4. Continue until the queue is empty.

Example input (arrival times in seconds): P1(arrive=0, burst=5), P2(arrive=2, burst=3), P3(arrive=3, burst=2). Execution order follows arrival: P1 → P2 → P3. Waiting times: P1=0s, P2=5s, P3=8s; turnaround times: P1=5s, P2=8s, P3=10s.

Gantt Chart Visualization

The following inline SVG visualizes the timeline for the example above. It clarifies start/completion times and illustrates how waiting accumulates.

Notes:

• The chart scale is linear (1s = 60px). Waiting time can be read as the gap between arrival and bar start.
• Gantt charts are useful in reports and can be programmatically generated with plotting libraries such as matplotlib (matplotlib.org) or interactive tools like Plotly.
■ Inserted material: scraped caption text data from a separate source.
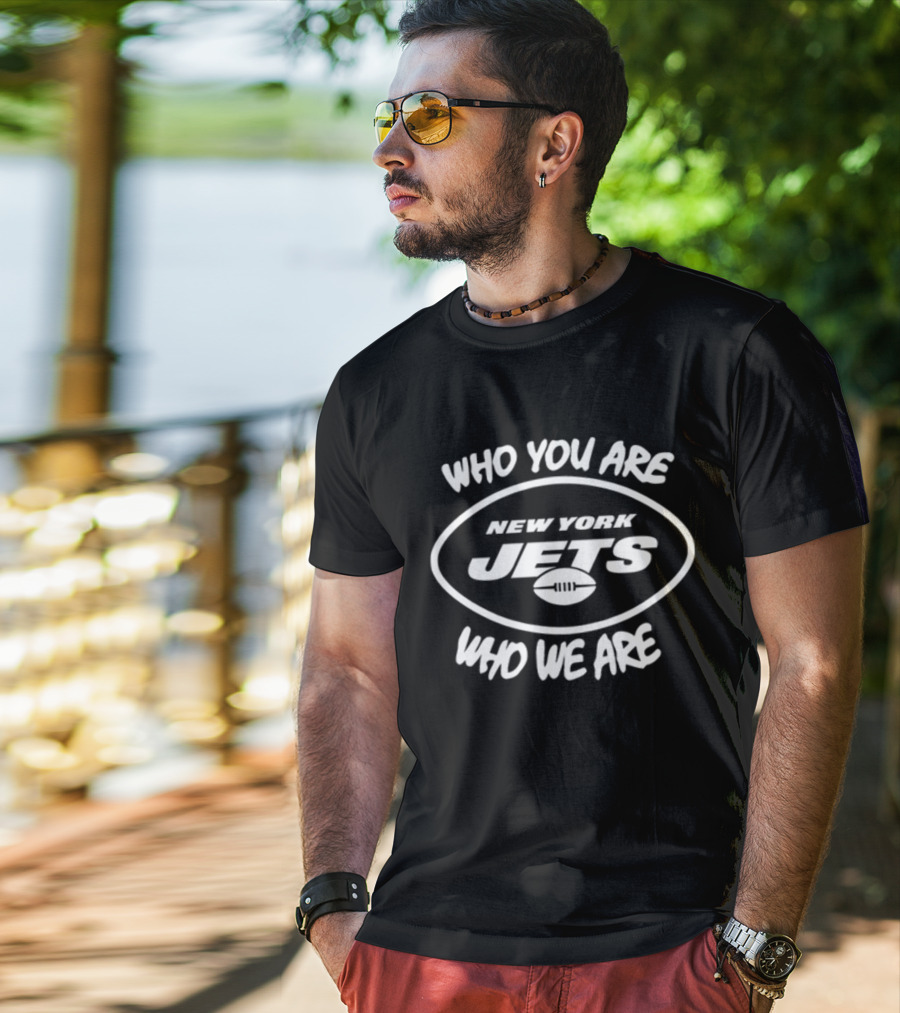 Who You Are Who We Are New York Jets T-Shirt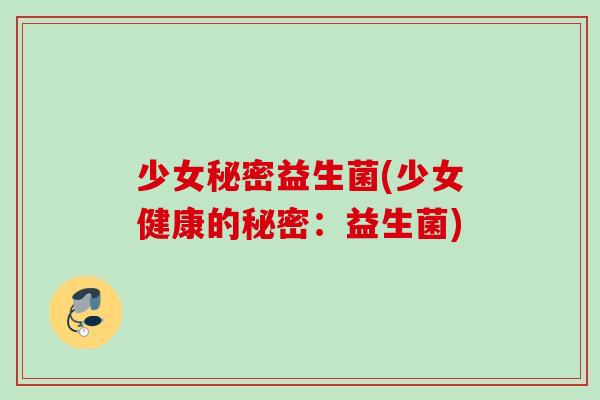 少女秘密益生菌(少女健康的秘密：益生菌)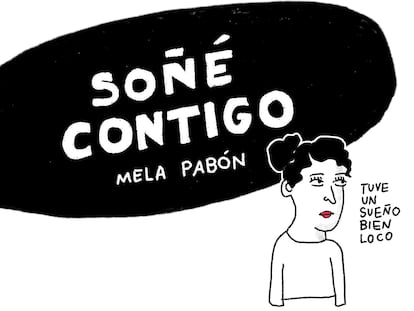 La viñeta de Mela Pabón: Soñé contigo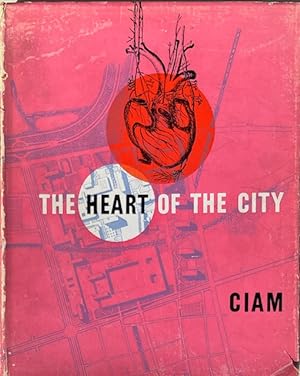 CIAM 8 The Heart of the City: Towards the Humanisation of Urban Life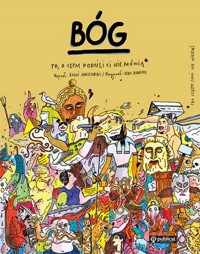Bóg. To, o czym dorośli Ci nie mówią - Janiszewski Boguś - książka
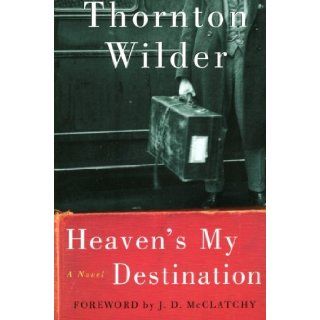 Heaven's My Destination A Novel Thornton Wilder 9780060088897 Books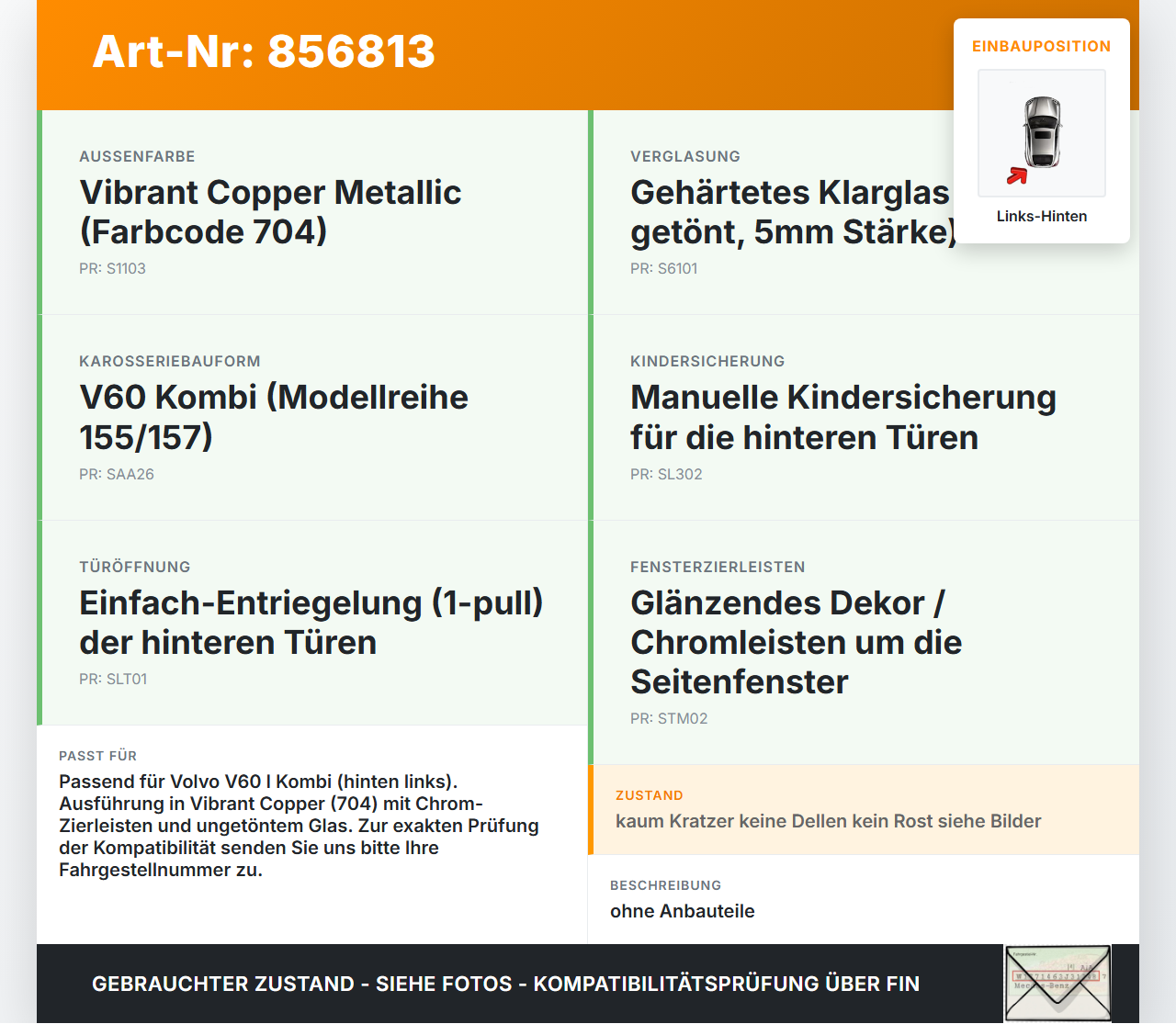 Volvo V60 I D3 10-13 Kombi Tür Links Hinten 704 Volvo V60 I D3 10-13 01.10.2010 31298042 gebraucht Vorschau 3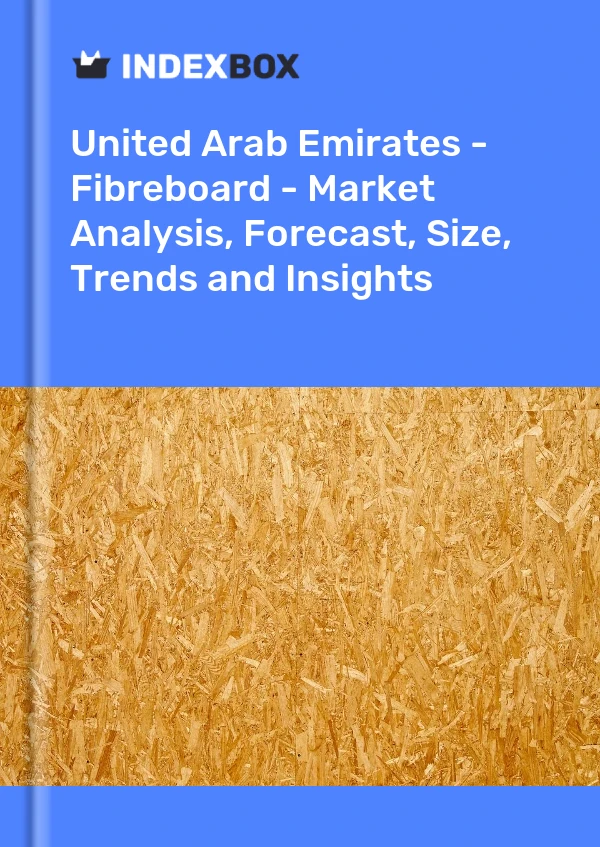 United Arab Emirates - Fibreboard - Market Analysis, Forecast, Size, Trends and Insights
Full Runnable Python Simulator

This script runs an FCFS simulation, computes waiting & turnaround times, prints a table, and (optionally) plots a Gantt chart using matplotlib. Tested with Python 3.10 and matplotlib 3.7.1.

#!/usr/bin/env python3
"""
fcfs_sim.py - Simple FCFS scheduler simulator
Requires: Python 3.10+
Optional plotting: pip install matplotlib==3.7.1
Run: python fcfs_sim.py
"""
from dataclasses import dataclass
from typing import List

@dataclass
class Process:
    pid: str
    arrival: int
    burst: int
    start: int = -1
    completion: int = -1


def fcfs_schedule(processes: List[Process]) -> List[Process]:
    # Ensure processes are ordered by arrival time
    procs = sorted(processes, key=lambda p: p.arrival)
    current_time = 0
    for p in procs:
        p.start = max(current_time, p.arrival)
        p.completion = p.start + p.burst
        current_time = p.completion
    return procs


def compute_metrics(processes: List[Process]):
    total_wait = 0
    total_turnaround = 0
    for p in processes:
        waiting = p.start - p.arrival
        turnaround = p.completion - p.arrival
        total_wait += waiting
        total_turnaround += turnaround
        print(f"{p.pid:>3} | arrival={p.arrival:>2} | burst={p.burst:>2} | start={p.start:>2} | completion={p.completion:>2} | wait={waiting:>2} | turnaround={turnaround:>2}")

    n = len(processes)
    print("\nAverages:")
    print(f"Average waiting time: {total_wait / n:.2f} s")
    print(f"Average turnaround time: {total_turnaround / n:.2f} s")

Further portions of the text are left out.